Task to complete: In your reply, print every line of the listing exactly and omit all images.

Data:
===============
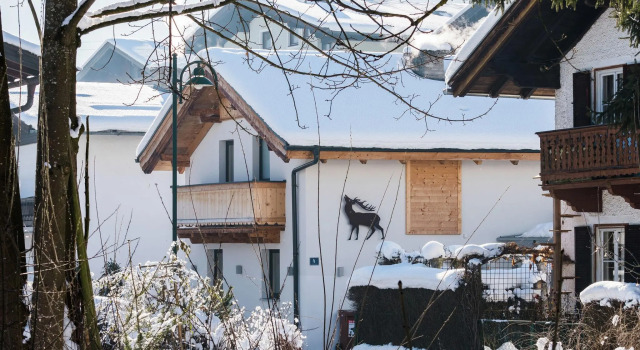 Detached Chalet Close to the ski Area, Rezerwuj Chalet Hotele w Salzburg z parkingiem, Parking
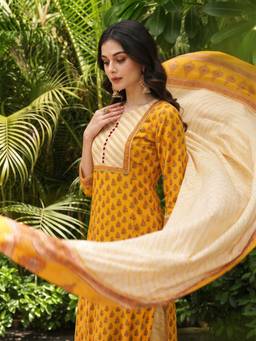 Vaamsi - Cotton Blend Printed Kurta Palazzo & Dupatta (Set of 3)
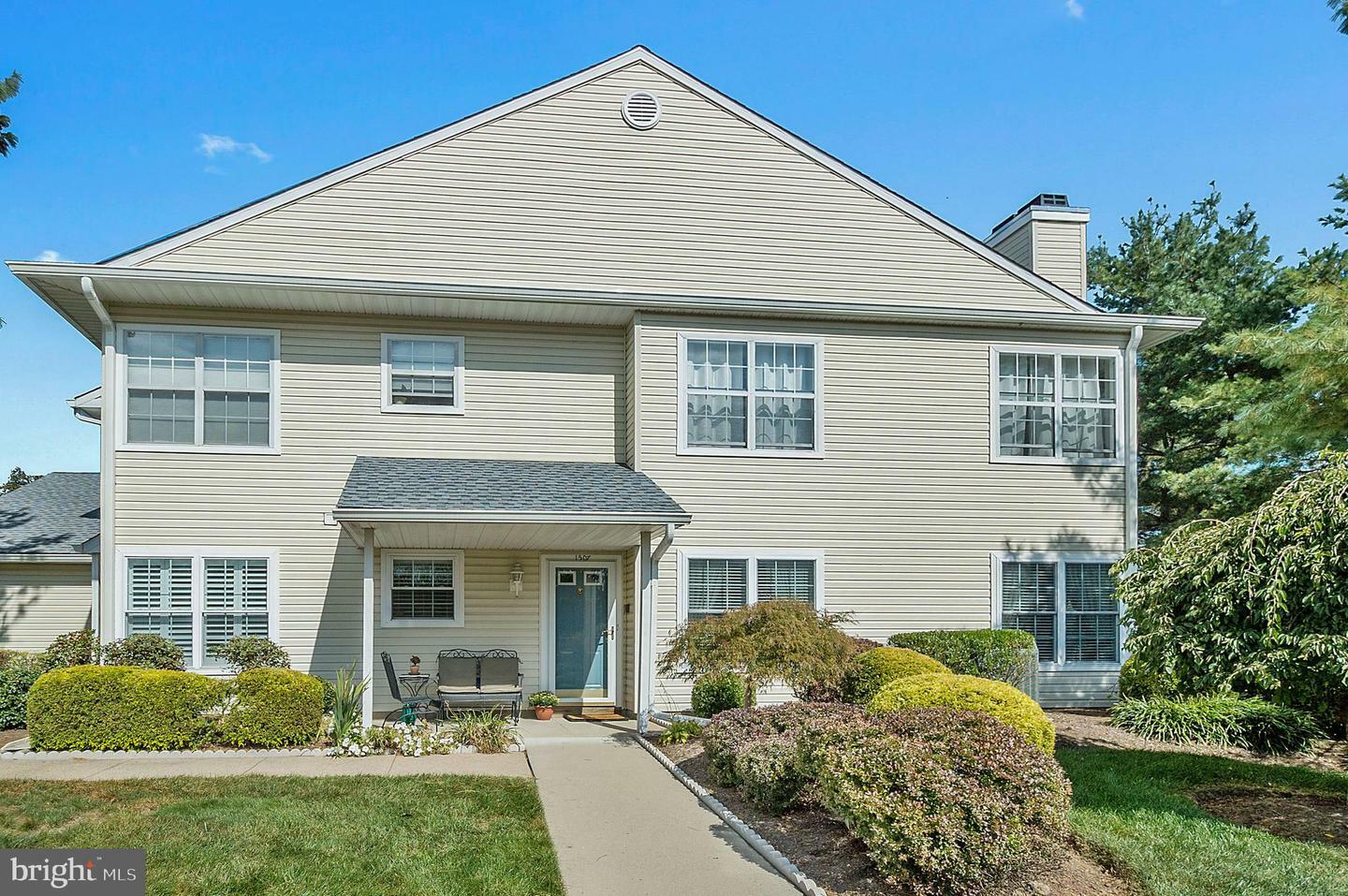 Property Photo:  1507 Lynbrooke Drive  PA 19067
===============
Answer for this exercise:
 Detached Chalet Close to the ski Area, Rezerwuj Chalet Hotele w Salzburg z parkingiem, Parking
 Vaamsi - Cotton Blend Printed Kurta Palazzo & Dupatta (Set of 3)
 Property Photo:  1507 Lynbrooke Drive  PA 19067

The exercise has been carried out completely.